As she steps into uncharted ground, Mansilla devotes her opening pages to convincing the readers that she is up to the task. She prefaces her work with less rhetorical humility than Sarmiento and more confidence in her ability to carry out her project. With apparent effortlessness, backed by her years abroad and previous publishing successes (13), she defines her purpose as one of service: "Pero, en mi calidad de viajera, que escribe con la mira honrada de dar luz á los que no la tienen, creo de mi deber consignar en estas páginas, lo que he oído repetir á tantos famosos touristes....Además, quien á Yankeeland se encamina, tiene por fuerza que democratizar su pensamiento" (12-13). Bringing the United States closer to her Argentine audience entails two simultaneous processes of mental preparation for the project before she even begins the journey: to enter into a dialogue with other travelers and travel writers and to open her mind to the North American spirit of democracy. She interprets both as an obligation to her readers to include opinions with which she disagrees and, in the process, places her text in the midst of an ongoing dialogue about the United States and travel writing.
Despite Mansilla's initial protestations, throughout her visit to North America democracy is seen as the culprit for a certain boring sameness and lack of variety which both she and Sarmiento saw confirmed in the architectural landscape of North American cities. Philadelphia prompts her to accuse the people she liked to call Yankees of being "nación poco imaginativa" and lacking in good taste (104). Democratizing her way of thinking also entails a more practical matter: for a woman accustomed to the Parisian luxuries in which she had been immersed before this trip, democracy gets in the way of refinement and comfort in a country where the frontier mentality is idealized as a way of life. She adapts to it with less ease than a truly democratic spirit might have done: while Sarmiento saw inconvenience as a small price to pay for progress, she dwells almost to excess on the discomforts of the journey and the substandard conditions on trains and hotels in the United States.
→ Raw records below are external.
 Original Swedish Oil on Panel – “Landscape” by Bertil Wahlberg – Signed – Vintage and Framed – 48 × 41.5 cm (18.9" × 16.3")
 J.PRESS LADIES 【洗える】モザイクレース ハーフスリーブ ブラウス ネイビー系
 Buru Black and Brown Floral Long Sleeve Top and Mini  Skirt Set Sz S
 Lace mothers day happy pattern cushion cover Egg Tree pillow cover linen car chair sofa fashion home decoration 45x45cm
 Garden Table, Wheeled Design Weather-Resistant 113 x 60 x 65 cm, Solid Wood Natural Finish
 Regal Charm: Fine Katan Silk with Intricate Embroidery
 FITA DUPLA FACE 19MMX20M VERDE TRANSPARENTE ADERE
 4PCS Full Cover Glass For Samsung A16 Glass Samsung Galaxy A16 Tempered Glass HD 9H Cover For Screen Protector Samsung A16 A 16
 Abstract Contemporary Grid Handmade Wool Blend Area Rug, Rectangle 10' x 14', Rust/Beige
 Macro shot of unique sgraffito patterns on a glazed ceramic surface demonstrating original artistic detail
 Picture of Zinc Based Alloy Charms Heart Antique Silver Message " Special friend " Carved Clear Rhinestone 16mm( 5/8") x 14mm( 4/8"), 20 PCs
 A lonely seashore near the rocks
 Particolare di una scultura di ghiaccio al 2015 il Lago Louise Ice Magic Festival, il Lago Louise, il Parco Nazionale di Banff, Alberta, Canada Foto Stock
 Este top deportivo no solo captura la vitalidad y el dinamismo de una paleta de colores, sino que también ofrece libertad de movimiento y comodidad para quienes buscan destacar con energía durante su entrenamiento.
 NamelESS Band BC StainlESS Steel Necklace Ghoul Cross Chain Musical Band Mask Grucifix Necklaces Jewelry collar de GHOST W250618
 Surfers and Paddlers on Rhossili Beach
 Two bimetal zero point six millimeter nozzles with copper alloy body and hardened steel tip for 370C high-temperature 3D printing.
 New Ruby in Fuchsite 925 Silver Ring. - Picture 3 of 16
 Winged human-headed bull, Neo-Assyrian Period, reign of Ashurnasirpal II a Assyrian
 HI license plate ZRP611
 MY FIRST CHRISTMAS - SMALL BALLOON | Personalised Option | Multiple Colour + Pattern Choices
Even though her trip was a journey of pleasure, with all the comforts money could buy, she had to resign herself to having men smoke in her face on the train from New York to Washington (71), to sleeping in substandard beds (77), and to occupying hotel rooms too small to accommodate her luggage (159). Yet she also found a way to turn that discomfort to literary advantage, and relished the opportunity to picture herself as a traveler embedding herself to the fullest into the culture she visited. She utilized her traveling mishaps as a source of anecdotes that provide a glimpse at people and places with which she might not voluntarily have placed herself in contact.
Mansilla was afforded a kind of privileged treatment not available to Sarmiento during his first trip. She attended White House receptions and met some of the most important contemporary political and intellectual figures, including Abraham Lincoln. But though these circumstances placed her at a distance from the majority of North Americans, she did not neglect to portray the various races and classes that formed the Union. Even though she mixed largely with those of her own class, she eagerly observed what she could and researched what she could not. At the same time, she had access to areas of North American life open only to women, and her attention to women's concerns and family life complements her book's historical, political, and sociological scope.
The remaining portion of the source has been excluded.